Work to complete: Go through the material below, find each line with the word "Long", and copy those lines.

Extracted material:
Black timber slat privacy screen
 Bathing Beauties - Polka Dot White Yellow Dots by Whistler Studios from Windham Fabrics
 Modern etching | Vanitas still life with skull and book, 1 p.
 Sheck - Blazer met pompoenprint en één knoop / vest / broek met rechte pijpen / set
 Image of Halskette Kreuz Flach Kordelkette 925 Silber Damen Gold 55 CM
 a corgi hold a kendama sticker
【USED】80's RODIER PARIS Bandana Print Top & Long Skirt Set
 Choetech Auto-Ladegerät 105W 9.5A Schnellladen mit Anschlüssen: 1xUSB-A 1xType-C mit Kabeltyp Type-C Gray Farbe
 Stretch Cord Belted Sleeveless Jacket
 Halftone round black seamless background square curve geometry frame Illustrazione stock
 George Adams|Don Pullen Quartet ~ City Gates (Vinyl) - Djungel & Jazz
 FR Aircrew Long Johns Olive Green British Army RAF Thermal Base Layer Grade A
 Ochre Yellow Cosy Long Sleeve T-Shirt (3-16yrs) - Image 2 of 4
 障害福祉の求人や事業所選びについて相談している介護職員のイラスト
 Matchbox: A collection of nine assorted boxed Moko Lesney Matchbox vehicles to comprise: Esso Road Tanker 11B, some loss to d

Result of this exercise:
【USED】80's RODIER PARIS Bandana Print Top & Long Skirt Set
 FR Aircrew Long Johns Olive Green British Army RAF Thermal Base Layer Grade A
 Ochre Yellow Cosy Long Sleeve T-Shirt (3-16yrs) - Image 2 of 4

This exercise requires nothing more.